Vivek Kembaiyan L’20 has been selected as a Law School Partnership Project (LSPP) Fellow by Gideon’s Promise, a non-profit public defender advocacy organization that provides training, leadership development, and mentorship to improve the quality of legal representation for the clients and communities they serve.
The LSPP introduces third-year law students to the successes and challenges that come with doing public defense work in jurisdictions with the greatest need, providing them with the opportunity to begin their career as a public defender and criminal justice reformer on the front lines of the effort to realize equal justice in America.
“I am committed to being the best public defender I can,” said Kembaiyan, “and I think that the training I would receive and the fellowship I would develop with other members of the community [is essential].”
Fellows will be placed in offices where mass incarceration plays a major role in underfunded and under-resourced communities. Kembaiyan will join Gideon’s Promise’s new partner office Still She Rises in Tulsa, Oklahoma this summer. The office is led by Gideon’s Promise alumni and faculty member, Aisha McWeay.
Kembaiyan is excited to be joining the Still She Rises office because he is truly invested in social justice.
“My long-term goal is to shift the national discourse on social justice,” he said. “In ten years, I want to have contributed to that effort in a meaningful way, on a statewide level.”
Founded in 2007 by Jonathan Rapping, the Gideon’s Promise has grown from a single training program for 16 attorneys in two public defender offices in Georgia and Louisiana to a national enterprise with 1,000 participants in 40 public defender offices across 27 states and the U.S. Virgin Islands.
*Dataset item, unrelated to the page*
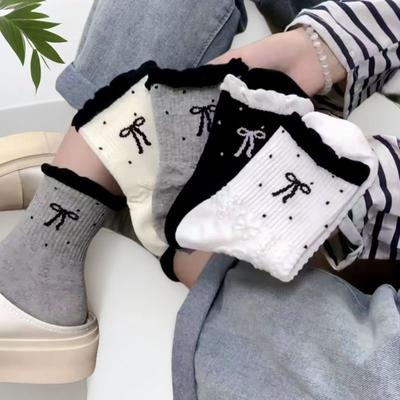 Dámske jarné a letné nové trendy ponožky s mašľou a reliéfom, bublinkovým vzorom a čipkovanou trubicou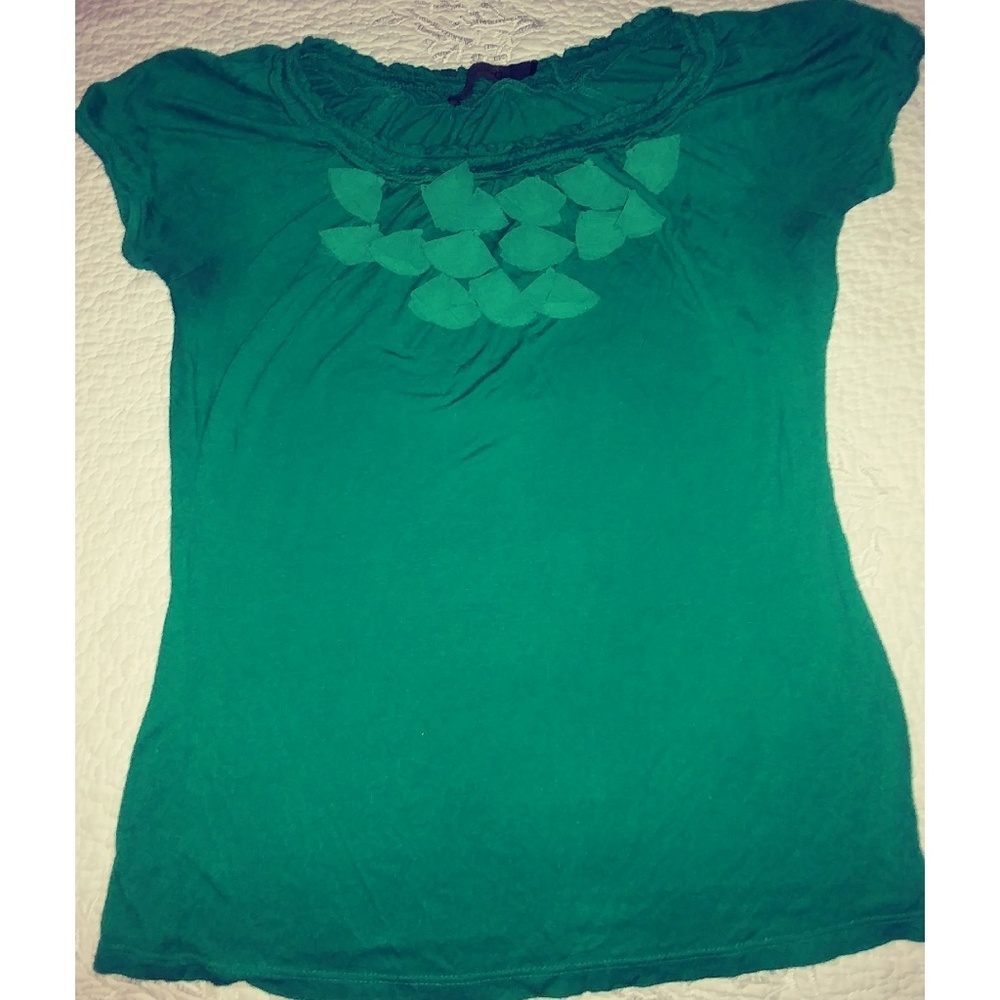 The Limited, XS, Green Top w/Ruffles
The organization’s initial three-year program for new public defenders has expanded into a comprehensive program model that supports public defenders at all levels of their careers.
Kembaiyan chose to apply for the fellowship because he felt that its mission was a “unique fit” for him.
“The training, the fellowship, the opportunity to work in an otherwise under-resourced office are so unique to this program,” Kembaiyan said.